---------- Dataset records
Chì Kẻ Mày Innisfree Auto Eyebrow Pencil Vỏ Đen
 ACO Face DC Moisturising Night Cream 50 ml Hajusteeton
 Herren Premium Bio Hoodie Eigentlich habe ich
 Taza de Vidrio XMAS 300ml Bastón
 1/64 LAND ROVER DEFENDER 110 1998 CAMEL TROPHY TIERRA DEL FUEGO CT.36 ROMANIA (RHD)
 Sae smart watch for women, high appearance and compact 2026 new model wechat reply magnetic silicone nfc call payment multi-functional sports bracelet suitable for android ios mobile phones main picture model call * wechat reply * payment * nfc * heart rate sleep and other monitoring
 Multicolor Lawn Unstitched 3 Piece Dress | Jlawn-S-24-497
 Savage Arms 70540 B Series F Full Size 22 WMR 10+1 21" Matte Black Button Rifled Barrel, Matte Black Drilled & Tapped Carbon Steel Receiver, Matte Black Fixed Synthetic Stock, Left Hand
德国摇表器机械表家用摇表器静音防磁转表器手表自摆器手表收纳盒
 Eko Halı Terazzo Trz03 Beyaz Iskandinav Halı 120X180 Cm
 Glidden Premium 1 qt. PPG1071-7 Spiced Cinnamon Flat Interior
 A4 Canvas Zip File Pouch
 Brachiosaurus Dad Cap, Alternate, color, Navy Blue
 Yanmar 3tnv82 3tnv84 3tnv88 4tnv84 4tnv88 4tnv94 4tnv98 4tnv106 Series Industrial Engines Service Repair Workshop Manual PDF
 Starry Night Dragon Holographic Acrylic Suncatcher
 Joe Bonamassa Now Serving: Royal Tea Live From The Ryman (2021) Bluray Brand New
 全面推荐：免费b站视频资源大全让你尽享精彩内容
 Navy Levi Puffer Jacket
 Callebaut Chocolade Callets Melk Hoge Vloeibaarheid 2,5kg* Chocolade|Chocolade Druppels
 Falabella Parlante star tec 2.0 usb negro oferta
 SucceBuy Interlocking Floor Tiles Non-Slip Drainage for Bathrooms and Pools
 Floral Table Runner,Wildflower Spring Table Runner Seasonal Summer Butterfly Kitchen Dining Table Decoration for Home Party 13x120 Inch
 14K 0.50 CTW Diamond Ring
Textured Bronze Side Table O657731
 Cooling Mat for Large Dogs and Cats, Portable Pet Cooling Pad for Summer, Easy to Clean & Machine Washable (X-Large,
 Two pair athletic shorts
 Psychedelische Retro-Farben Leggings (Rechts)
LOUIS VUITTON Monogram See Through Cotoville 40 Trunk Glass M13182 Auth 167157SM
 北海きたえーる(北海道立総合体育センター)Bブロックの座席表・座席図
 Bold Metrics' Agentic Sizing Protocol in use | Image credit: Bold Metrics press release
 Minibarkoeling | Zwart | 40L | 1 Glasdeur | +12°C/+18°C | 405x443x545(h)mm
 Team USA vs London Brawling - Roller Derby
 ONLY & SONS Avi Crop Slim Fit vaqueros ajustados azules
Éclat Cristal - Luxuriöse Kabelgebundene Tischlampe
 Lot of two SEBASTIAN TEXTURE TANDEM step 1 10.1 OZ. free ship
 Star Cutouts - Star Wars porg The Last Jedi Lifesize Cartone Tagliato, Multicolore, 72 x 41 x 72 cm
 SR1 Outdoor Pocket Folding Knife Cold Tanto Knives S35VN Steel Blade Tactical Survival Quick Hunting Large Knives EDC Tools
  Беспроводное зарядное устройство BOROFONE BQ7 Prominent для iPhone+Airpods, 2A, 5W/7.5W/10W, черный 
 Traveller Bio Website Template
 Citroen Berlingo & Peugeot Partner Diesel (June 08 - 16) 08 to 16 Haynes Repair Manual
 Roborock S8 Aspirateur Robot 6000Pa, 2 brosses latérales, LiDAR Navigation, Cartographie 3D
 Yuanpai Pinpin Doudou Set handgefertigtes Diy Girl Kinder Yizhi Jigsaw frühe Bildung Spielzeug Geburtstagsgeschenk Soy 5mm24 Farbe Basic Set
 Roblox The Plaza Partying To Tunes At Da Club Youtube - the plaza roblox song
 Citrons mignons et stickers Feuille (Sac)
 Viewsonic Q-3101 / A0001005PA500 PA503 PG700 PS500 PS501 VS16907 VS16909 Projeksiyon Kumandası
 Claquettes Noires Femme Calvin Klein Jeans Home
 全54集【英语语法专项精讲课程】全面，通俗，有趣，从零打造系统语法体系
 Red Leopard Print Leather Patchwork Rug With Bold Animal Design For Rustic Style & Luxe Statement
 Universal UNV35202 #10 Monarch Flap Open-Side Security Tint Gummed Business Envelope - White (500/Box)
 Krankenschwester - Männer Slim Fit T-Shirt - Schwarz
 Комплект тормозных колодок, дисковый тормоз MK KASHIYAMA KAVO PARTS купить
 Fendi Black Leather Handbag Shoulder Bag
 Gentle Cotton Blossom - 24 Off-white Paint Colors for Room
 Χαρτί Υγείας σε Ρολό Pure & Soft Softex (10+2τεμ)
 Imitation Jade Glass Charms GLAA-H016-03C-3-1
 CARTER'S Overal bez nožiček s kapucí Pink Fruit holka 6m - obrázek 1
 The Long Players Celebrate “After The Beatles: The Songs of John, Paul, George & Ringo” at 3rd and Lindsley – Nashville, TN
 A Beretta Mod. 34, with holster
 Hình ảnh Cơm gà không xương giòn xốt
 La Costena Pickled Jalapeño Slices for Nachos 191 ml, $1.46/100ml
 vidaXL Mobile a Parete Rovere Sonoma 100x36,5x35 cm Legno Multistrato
--------------------
### Task directions
Set the records above down again. Match them exactly.

### Exercise result
Chì Kẻ Mày Innisfree Auto Eyebrow Pencil Vỏ Đen
 ACO Face DC Moisturising Night Cream 50 ml Hajusteeton
 Herren Premium Bio Hoodie Eigentlich habe ich
 Taza de Vidrio XMAS 300ml Bastón
 1/64 LAND ROVER DEFENDER 110 1998 CAMEL TROPHY TIERRA DEL FUEGO CT.36 ROMANIA (RHD)
 Sae smart watch for women, high appearance and compact 2026 new model wechat reply magnetic silicone nfc call payment multi-functional sports bracelet suitable for android ios mobile phones main picture model call * wechat reply * payment * nfc * heart rate sleep and other monitoring
 Multicolor Lawn Unstitched 3 Piece Dress | Jlawn-S-24-497
 Savage Arms 70540 B Series F Full Size 22 WMR 10+1 21" Matte Black Button Rifled Barrel, Matte Black Drilled & Tapped Carbon Steel Receiver, Matte Black Fixed Synthetic Stock, Left Hand
德国摇表器机械表家用摇表器静音防磁转表器手表自摆器手表收纳盒
 Eko Halı Terazzo Trz03 Beyaz Iskandinav Halı 120X180 Cm
 Glidden Premium 1 qt. PPG1071-7 Spiced Cinnamon Flat Interior
 A4 Canvas Zip File Pouch
 Brachiosaurus Dad Cap, Alternate, color, Navy Blue
 Yanmar 3tnv82 3tnv84 3tnv88 4tnv84 4tnv88 4tnv94 4tnv98 4tnv106 Series Industrial Engines Service Repair Workshop Manual PDF
 Starry Night Dragon Holographic Acrylic Suncatcher
 Joe Bonamassa Now Serving: Royal Tea Live From The Ryman (2021) Bluray Brand New
 全面推荐：免费b站视频资源大全让你尽享精彩内容
 Navy Levi Puffer Jacket
 Callebaut Chocolade Callets Melk Hoge Vloeibaarheid 2,5kg* Chocolade|Chocolade Druppels
 Falabella Parlante star tec 2.0 usb negro oferta
 SucceBuy Interlocking Floor Tiles Non-Slip Drainage for Bathrooms and Pools
 Floral Table Runner,Wildflower Spring Table Runner Seasonal Summer Butterfly Kitchen Dining Table Decoration for Home Party 13x120 Inch
 14K 0.50 CTW Diamond Ring
Textured Bronze Side Table O657731
 Cooling Mat for Large Dogs and Cats, Portable Pet Cooling Pad for Summer, Easy to Clean & Machine Washable (X-Large,
 Two pair athletic shorts
 Psychedelische Retro-Farben Leggings (Rechts)
LOUIS VUITTON Monogram See Through Cotoville 40 Trunk Glass M13182 Auth 167157SM
 北海きたえーる(北海道立総合体育センター)Bブロックの座席表・座席図
 Bold Metrics' Agentic Sizing Protocol in use | Image credit: Bold Metrics press release
 Minibarkoeling | Zwart | 40L | 1 Glasdeur | +12°C/+18°C | 405x443x545(h)mm
 Team USA vs London Brawling - Roller Derby
 ONLY & SONS Avi Crop Slim Fit vaqueros ajustados azules
Éclat Cristal - Luxuriöse Kabelgebundene Tischlampe
 Lot of two SEBASTIAN TEXTURE TANDEM step 1 10.1 OZ. free ship
 Star Cutouts - Star Wars porg The Last Jedi Lifesize Cartone Tagliato, Multicolore, 72 x 41 x 72 cm
 SR1 Outdoor Pocket Folding Knife Cold Tanto Knives S35VN Steel Blade Tactical Survival Quick Hunting Large Knives EDC Tools
  Беспроводное зарядное устройство BOROFONE BQ7 Prominent для iPhone+Airpods, 2A, 5W/7.5W/10W, черный 
 Traveller Bio Website Template
 Citroen Berlingo & Peugeot Partner Diesel (June 08 - 16) 08 to 16 Haynes Repair Manual
 Roborock S8 Aspirateur Robot 6000Pa, 2 brosses latérales, LiDAR Navigation, Cartographie 3D
 Yuanpai Pinpin Doudou Set handgefertigtes Diy Girl Kinder Yizhi Jigsaw frühe Bildung Spielzeug Geburtstagsgeschenk Soy 5mm24 Farbe Basic Set
 Roblox The Plaza Partying To Tunes At Da Club Youtube - the plaza roblox song
 Citrons mignons et stickers Feuille (Sac)
 Viewsonic Q-3101 / A0001005PA500 PA503 PG700 PS500 PS501 VS16907 VS16909 Projeksiyon Kumandası
 Claquettes Noires Femme Calvin Klein Jeans Home
 全54集【英语语法专项精讲课程】全面，通俗，有趣，从零打造系统语法体系
 Red Leopard Print Leather Patchwork Rug With Bold Animal Design For Rustic Style & Luxe Statement
 Universal UNV35202 #10 Monarch Flap Open-Side Security Tint Gummed Business Envelope - White (500/Box)
 Krankenschwester - Männer Slim Fit T-Shirt - Schwarz
 Комплект тормозных колодок, дисковый тормоз MK KASHIYAMA KAVO PARTS купить
 Fendi Black Leather Handbag Shoulder Bag
 Gentle Cotton Blossom - 24 Off-white Paint Colors for Room
 Χαρτί Υγείας σε Ρολό Pure & Soft Softex (10+2τεμ)
 Imitation Jade Glass Charms GLAA-H016-03C-3-1
 CARTER'S Overal bez nožiček s kapucí Pink Fruit holka 6m - obrázek 1
 The Long Players Celebrate “After The Beatles: The Songs of John, Paul, George & Ringo” at 3rd and Lindsley – Nashville, TN
 A Beretta Mod. 34, with holster
 Hình ảnh Cơm gà không xương giòn xốt
 La Costena Pickled Jalapeño Slices for Nachos 191 ml, $1.46/100ml
 vidaXL Mobile a Parete Rovere Sonoma 100x36,5x35 cm Legno Multistrato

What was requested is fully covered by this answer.